Let me back up a little bit, and say that as much as I love gaming, chess is almost certainly my favorite game. Correspondence chess systems online have all proven too heavy and complicated for my taste. I decided last night to implement an extremely simple system myself, a system that just simplified the process of getting the state of a chess board back and forth among two players. Play is simple — white clicks a piece to select it, clicks a space to move it to, reviews her move, and copies/pastes a link to the current board state to black. The link can be sent over email, IM, Twitter, whatever. Black does the same, and so on until the game is over. Because no state is ever saved on the server, there’s no overhead for an individual game. Thus, there’s no incentive (or, possibility even) for me to make games time out after so much inactivity, etc. It is, perhaps easiest to simply think of FENipulator as an interface to viewing and manipulating FEN data — hence the name.

Simplicity exists in many aspects of FENipulator.

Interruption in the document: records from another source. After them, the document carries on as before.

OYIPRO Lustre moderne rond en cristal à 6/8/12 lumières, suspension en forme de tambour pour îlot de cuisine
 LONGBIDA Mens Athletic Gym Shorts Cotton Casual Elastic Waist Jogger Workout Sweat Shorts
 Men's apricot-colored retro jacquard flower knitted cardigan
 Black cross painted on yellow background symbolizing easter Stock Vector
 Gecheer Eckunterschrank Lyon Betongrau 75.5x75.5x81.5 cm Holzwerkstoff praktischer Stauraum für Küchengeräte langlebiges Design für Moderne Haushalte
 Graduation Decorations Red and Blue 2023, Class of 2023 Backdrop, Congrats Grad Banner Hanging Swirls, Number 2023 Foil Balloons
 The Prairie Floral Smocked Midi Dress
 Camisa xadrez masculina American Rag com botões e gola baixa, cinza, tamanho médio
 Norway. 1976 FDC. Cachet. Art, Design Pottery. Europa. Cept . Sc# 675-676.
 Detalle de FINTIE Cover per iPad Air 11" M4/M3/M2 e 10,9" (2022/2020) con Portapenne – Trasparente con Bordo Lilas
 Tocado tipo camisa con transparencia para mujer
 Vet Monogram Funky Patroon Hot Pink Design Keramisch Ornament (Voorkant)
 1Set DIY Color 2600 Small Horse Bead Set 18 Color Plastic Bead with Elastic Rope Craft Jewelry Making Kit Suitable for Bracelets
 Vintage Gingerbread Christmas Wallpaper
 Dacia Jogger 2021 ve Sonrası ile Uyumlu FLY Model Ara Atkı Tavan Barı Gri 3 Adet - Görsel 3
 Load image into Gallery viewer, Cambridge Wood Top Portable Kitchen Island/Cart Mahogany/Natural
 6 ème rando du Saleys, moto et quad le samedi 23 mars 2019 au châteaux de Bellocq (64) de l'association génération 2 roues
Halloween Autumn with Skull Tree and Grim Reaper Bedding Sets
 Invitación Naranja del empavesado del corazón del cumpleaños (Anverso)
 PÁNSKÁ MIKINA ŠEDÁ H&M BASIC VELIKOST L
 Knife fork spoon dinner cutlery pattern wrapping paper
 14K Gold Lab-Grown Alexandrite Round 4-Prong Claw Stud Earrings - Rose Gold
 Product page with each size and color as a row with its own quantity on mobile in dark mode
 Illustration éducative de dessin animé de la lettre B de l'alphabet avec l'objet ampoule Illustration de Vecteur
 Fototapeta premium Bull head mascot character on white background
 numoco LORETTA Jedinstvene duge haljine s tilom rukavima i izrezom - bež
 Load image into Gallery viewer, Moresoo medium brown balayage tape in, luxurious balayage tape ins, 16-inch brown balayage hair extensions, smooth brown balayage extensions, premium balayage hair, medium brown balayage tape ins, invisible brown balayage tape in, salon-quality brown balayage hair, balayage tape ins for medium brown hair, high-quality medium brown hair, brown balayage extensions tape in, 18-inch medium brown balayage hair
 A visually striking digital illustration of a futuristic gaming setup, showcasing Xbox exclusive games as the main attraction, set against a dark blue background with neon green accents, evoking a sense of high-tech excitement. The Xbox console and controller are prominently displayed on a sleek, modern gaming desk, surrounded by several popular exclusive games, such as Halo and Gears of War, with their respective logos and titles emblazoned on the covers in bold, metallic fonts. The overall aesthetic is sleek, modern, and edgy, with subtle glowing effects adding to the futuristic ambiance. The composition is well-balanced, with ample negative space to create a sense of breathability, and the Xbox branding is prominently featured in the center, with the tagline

Aside from the aforementioned lack of a database, FENipulator also makes zero use of Javascript. There are no images, pieces are all represented by text. If one wanted, one could use images for pieces and spaces, as all of that is defined in CSS. Every space is a span, every piece is an :after pseudo-element attached to that span. For users who like their board flipped, a setting for this is possible using vendor-specific CSS transforms. Thus, flipping is not available on IE or older browsers, but for users of modern browsers, the possibility is there.

Update: Version 1.4 has all the short-term improvements taken care of except figuring out how I’m going to license the thing (see footnote). I got a bit carried away. Anyway, without going into the full changelog, here’s what has happened since v0.9: pawn promotion (to queen only); en passant (works on board and is recorded in FEN); POST is now used for sending move to/from data instead of GET, this meant switching the spaces from <a> to <button>; some classes added to CSS, making board-flipping easier and more things possible with board display (active state now exists after a move, showing to and from); board state URLs go through urlencode(), so everything validates now; and finally, no spaces are ‘live’ after a move has been made — the user must either choose to send the link or reset the board (the earlier behavior where the user could essentially change their move was unintentional and unpredictable). Anyway, read the footnote about licensing, then download it here, or just play.

As I have not yet determined how to license FENipulator, currently all rights are reserved. This will change soon, I promise. Also, know that while I have tested it, and it should not be able to cause any damage, I assume no liability or responsibility for its installation and/or use.